Students activists also renamed the Law School after anti-apartheid leader Robert Mangaliso Sobukwe. Sobukwe was arrested in 1960 for protesting the pass laws that made it illegal for Blacks over 16 years of age to be in white areas without permission from their white employers. Sobukwe was sentenced to three years in prison. The General Law Amendment Act, passed by Parliament in 1963, contained the so-called “Sobukwe clause,” which  allowed those like Sobukwe who had already been convicted of political crimes to be imprisoned 12 additional months without the necessity of a trial. Thanks to this law, Sobukwe spent a further six years in prison before being banned to Kimberley in the Northern Cape, where officials felt he would be unable to be politically active. This is who student activists choose to honor, instead of Swart.

The university responded to activists’ work by painting over Sobukwe’s name. Yet the next day, Sobukwe had returned. Students had re-renamed the Law School, painting Sobukwe’s name in several places, and adding a quote for good measure: “We are anti-nobody, but we are pro-Afrika.”

Photo: Lihlumelo Toyana

Students also renamed residences after Winnie Mandela and Lillian Ngoyi.
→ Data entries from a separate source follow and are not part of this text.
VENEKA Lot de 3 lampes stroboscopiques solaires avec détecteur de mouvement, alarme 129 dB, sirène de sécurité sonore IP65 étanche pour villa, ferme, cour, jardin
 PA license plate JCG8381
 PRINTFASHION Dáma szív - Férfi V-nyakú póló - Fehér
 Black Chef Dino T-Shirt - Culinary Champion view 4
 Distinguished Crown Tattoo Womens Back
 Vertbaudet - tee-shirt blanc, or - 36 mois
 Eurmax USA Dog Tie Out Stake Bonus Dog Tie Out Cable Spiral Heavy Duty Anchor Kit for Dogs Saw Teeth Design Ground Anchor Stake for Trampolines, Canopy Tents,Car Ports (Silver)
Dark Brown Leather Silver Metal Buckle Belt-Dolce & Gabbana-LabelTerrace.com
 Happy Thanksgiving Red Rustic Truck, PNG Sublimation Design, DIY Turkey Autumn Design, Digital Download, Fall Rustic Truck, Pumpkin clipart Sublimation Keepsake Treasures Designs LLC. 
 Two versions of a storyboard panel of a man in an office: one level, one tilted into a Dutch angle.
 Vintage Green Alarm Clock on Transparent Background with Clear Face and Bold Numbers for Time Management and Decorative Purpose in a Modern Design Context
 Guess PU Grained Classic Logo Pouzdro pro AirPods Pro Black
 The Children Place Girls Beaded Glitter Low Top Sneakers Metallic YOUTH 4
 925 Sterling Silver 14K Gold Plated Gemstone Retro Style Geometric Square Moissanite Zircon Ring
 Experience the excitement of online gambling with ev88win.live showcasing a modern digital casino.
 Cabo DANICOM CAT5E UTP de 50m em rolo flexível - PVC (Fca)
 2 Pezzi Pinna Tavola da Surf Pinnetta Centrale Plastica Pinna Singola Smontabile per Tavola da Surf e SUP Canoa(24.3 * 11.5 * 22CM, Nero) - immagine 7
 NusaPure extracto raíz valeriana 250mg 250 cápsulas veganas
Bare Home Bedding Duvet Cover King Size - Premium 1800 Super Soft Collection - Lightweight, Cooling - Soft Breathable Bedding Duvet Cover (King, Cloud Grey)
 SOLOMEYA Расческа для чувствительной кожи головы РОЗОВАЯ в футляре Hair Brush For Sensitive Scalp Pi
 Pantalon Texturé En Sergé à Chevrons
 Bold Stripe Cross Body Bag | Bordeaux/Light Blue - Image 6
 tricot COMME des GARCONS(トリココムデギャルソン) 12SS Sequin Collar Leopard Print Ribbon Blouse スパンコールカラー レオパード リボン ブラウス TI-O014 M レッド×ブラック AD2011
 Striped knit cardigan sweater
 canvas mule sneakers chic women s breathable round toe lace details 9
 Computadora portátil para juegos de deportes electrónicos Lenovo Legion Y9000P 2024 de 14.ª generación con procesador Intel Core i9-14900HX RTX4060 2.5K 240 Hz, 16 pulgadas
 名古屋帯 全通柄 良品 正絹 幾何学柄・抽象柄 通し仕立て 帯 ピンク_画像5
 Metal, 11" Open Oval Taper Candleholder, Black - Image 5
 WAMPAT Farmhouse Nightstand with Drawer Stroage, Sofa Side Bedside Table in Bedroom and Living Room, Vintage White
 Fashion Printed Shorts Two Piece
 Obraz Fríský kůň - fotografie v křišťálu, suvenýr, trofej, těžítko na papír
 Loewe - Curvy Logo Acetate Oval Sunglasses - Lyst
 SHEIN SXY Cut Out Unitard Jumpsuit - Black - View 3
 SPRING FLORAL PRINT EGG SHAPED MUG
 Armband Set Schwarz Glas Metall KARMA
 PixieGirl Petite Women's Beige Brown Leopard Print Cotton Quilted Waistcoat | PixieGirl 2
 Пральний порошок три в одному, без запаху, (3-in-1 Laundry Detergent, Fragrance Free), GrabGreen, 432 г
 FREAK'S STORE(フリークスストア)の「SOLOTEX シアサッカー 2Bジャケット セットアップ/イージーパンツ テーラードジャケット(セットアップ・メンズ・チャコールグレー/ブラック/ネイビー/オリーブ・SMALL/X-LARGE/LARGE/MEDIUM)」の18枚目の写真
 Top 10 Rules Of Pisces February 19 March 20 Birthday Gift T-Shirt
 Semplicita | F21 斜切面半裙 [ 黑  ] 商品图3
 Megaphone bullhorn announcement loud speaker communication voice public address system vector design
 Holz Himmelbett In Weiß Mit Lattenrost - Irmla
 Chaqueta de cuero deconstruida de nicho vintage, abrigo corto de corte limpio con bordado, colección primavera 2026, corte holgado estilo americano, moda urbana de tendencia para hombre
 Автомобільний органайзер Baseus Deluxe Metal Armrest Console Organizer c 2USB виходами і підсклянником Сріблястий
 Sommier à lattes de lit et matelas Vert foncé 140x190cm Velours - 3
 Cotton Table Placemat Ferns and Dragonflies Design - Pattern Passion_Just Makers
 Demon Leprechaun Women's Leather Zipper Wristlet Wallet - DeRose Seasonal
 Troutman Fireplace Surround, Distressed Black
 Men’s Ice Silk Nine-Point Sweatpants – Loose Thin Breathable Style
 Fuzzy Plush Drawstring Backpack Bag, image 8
They painted Steve Biko’s name on the Steyn statue and renamed the library after him. They named trees after Biko, Sobukwe, Chris Hani, Winnie Mandela, Marcus Garvey, Malcolm X, and various leaders of anti-colonial struggles across Africa.

University officials labeled these actions vandalism, meaning that those involved were simply common criminals with no motivation behind their actions except, perhaps, some kind of pathological love of crime.

Yet students’ graffiti can be seen from a different perspective. In South Africa and around the world, graffiti, or street art, is an invitation to have a conversation about the issues the graffiti artists view as important. In this case, the conversation is at least in part about history, and about whose history is present and can be read on buildings and statues around campus. Scholars who study place names through a critical lens argue that the official renaming of features of the cityscape announces the presence of a new regime in power and the dominance of a new version of history than the one that had previously been celebrated and seen as official. This is especially true in post-colonial or transitional societies (like South Africa in the 1990s).

University officials’ erasure of graffiti points to their unwillingness to have this conversation about history, or at least their unwillingness to have it on students’ terms.

At the UFS, little official renaming has taken place despite an official recognition that it is a necessary element of the university’s transformation from an Afrikaner university that perpetuated racism to an inclusive and even non-racial university. So student activists, frustrated by the snail’s pace of officialdom, took matters into their own hands to speed up the process. Their actions indicate that they reject not only continued racism on campus, but also a version of history that honors the intellectual authors of apartheid, this crime against humanity, and the violations that occurred during decades of NP rule. They reject this history in favor of one that honors those who opposed it, many of whom did not survive the apartheid state’s brutal efforts to remain in power.

More than simply being an indication of a new regime in power with its own history to promote, rewriting the history of South Africa on buildings and in the statues scattered across campus is an important act of restorative justice. It dignifies the victims of apartheid and their struggle against a racist, repressive, and violent regime. It helps to increase knowledge about that crime and the devastating effects it had on individuals, communities, and the nation.

Though the university administration agreed to meet workers demands for insourcing and a more livable wage in the coming years, the graffiti and the history it represents have since been erased. Restorative justice has been undone. It remains to be seen when it might be restored.

Rachel Hatcher is a Post-Doctoral Fellow at the Institute for Reconciliation and Social Justice at the University of the Free State, South Africa. She completed her PhD at the University of Saskatchewan.